Data supplied Block Start
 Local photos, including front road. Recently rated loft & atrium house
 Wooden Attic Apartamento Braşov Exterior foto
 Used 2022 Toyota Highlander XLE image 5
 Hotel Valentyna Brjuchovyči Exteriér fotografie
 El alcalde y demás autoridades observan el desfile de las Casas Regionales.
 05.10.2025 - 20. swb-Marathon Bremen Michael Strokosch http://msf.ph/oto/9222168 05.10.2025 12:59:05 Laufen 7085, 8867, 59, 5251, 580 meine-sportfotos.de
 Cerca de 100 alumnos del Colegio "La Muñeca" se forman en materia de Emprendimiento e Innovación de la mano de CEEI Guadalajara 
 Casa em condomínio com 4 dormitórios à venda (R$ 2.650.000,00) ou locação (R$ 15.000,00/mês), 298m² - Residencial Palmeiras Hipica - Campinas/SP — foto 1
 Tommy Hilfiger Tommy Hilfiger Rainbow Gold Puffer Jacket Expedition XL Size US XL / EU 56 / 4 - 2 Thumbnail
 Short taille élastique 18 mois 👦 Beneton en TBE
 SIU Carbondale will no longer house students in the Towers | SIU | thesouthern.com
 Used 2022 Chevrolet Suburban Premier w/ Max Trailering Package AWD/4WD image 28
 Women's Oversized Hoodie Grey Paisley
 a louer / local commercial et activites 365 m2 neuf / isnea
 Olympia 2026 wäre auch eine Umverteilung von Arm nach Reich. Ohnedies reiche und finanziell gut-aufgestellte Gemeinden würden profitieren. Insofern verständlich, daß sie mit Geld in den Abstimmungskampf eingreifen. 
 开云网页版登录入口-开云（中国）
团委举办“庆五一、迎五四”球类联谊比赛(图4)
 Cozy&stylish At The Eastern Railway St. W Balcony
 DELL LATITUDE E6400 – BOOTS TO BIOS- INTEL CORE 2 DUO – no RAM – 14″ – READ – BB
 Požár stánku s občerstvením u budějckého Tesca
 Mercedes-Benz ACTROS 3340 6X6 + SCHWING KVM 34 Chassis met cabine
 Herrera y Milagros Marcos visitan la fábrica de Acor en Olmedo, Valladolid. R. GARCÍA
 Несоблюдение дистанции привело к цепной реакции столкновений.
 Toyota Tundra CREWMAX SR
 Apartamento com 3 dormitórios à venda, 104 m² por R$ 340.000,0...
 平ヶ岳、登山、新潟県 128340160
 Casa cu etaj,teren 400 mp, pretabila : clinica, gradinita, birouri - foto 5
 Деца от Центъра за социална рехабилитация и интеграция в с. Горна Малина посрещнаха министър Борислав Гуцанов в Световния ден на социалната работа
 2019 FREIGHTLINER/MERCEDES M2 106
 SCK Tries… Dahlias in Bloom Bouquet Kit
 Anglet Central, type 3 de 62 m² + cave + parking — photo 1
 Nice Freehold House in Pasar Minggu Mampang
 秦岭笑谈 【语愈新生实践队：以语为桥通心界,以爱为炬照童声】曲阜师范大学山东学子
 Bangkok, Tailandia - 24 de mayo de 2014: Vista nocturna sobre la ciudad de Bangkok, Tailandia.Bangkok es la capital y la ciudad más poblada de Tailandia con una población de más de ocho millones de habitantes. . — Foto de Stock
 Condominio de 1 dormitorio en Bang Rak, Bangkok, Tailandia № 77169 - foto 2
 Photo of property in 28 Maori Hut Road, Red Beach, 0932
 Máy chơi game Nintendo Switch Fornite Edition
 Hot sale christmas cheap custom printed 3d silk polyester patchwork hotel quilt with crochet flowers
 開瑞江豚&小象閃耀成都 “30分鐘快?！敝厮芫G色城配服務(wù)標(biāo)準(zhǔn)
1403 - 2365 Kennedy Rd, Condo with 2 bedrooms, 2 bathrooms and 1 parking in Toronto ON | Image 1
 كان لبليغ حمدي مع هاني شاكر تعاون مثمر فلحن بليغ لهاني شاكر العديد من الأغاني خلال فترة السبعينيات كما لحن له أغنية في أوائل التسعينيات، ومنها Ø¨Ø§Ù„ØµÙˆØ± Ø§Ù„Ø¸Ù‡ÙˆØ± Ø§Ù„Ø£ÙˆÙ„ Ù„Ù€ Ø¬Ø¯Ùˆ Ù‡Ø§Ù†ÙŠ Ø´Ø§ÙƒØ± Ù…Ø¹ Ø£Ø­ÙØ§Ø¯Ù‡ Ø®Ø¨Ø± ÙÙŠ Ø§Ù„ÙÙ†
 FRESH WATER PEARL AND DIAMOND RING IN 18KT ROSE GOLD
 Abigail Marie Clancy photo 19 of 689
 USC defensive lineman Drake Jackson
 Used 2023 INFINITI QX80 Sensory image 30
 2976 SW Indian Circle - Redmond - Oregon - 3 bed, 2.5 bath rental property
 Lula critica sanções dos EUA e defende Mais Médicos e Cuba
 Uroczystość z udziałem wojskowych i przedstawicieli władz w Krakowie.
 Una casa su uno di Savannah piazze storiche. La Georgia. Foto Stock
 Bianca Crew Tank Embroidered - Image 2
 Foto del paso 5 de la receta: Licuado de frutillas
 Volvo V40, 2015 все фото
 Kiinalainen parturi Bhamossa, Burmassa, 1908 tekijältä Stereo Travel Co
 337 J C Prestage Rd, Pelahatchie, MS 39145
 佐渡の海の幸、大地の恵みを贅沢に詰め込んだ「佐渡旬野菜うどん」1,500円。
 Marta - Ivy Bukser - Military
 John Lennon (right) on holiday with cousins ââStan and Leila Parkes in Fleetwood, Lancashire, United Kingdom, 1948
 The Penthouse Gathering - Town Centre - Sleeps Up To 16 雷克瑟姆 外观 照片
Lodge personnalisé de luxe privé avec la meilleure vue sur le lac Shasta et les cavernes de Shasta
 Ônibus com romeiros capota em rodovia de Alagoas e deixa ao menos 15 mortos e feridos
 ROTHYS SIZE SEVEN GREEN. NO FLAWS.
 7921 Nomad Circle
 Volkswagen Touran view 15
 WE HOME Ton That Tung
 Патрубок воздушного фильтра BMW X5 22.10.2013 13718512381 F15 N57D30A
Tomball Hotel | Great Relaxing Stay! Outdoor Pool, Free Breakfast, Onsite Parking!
Data supplied Block End
Write down exactly the span of lines above from the one containing "Uroczystość z udziałem" to the one containing "337 J C Prestage Rd, Pelahatchie, MS 39145", both ends included.

Exercise output:
 Uroczystość z udziałem wojskowych i przedstawicieli władz w Krakowie.
 Una casa su uno di Savannah piazze storiche. La Georgia. Foto Stock
 Bianca Crew Tank Embroidered - Image 2
 Foto del paso 5 de la receta: Licuado de frutillas
 Volvo V40, 2015 все фото
 Kiinalainen parturi Bhamossa, Burmassa, 1908 tekijältä Stereo Travel Co
 337 J C Prestage Rd, Pelahatchie, MS 39145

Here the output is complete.